■ **PROMPT**: With the pictures left out, copy the listing below exactly.

■ **SUPPLIED INFORMATION**:
=-=-=

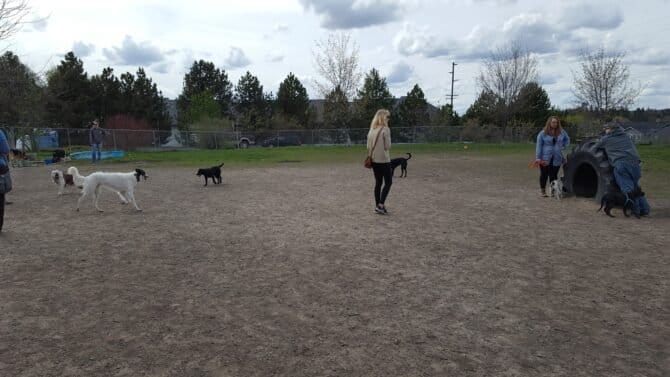 AC9h4nrLFzQI92jBPXAuAqAEz GPjgDlL1k3DcCkJgxK A3ZzgVid688rw5KUufHKdUEdpSxisP40EdIAh99rgA2zA48IdP0W8uGSlWqU YxDNCbIlzi0kb1gyhL9bLdXTei1EOcaUy2w1600 h1000 k no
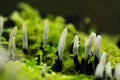 Xylaria hypoxylon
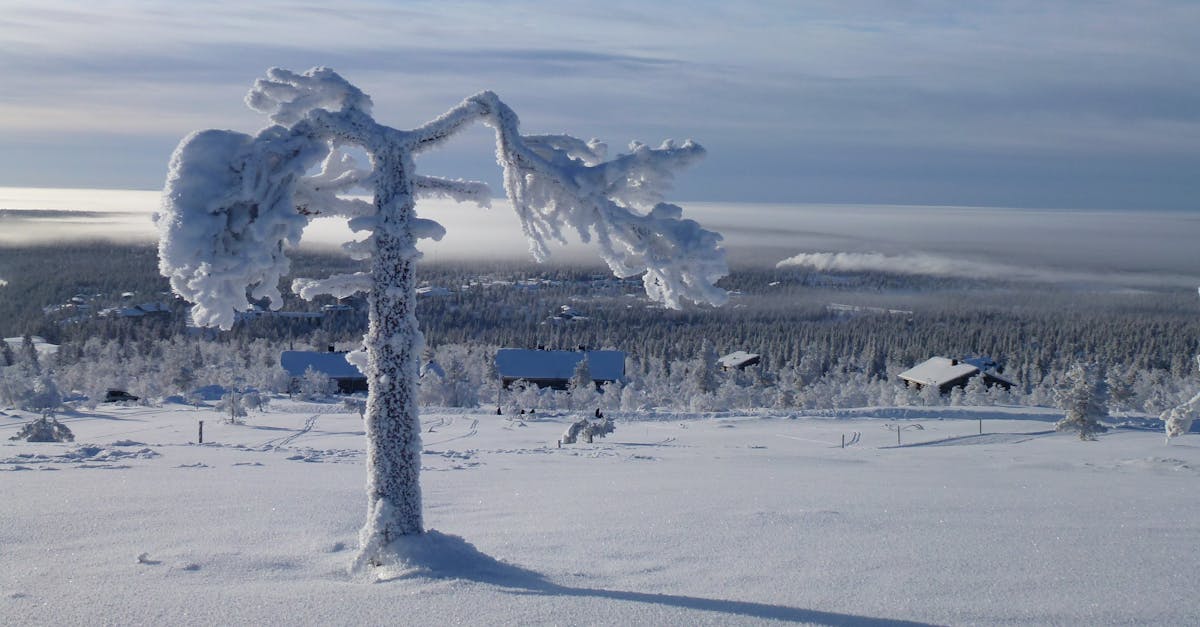 Vous cherchez des solutions pour votre épaule gelée ? Découvrez les conseils avisés de Pulse Align. 3 Thermothérapie : Appliquez de la chaleur pour améliorer la circulation sanguine et détendre les muscles des épaules.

=-=-=

■ **WORKED SOLUTION**:
 AC9h4nrLFzQI92jBPXAuAqAEz GPjgDlL1k3DcCkJgxK A3ZzgVid688rw5KUufHKdUEdpSxisP40EdIAh99rgA2zA48IdP0W8uGSlWqU YxDNCbIlzi0kb1gyhL9bLdXTei1EOcaUy2w1600 h1000 k no
 Xylaria hypoxylon
 Vous cherchez des solutions pour votre épaule gelée ? Découvrez les conseils avisés de Pulse Align. 3 Thermothérapie : Appliquez de la chaleur pour améliorer la circulation sanguine et détendre les muscles des épaules.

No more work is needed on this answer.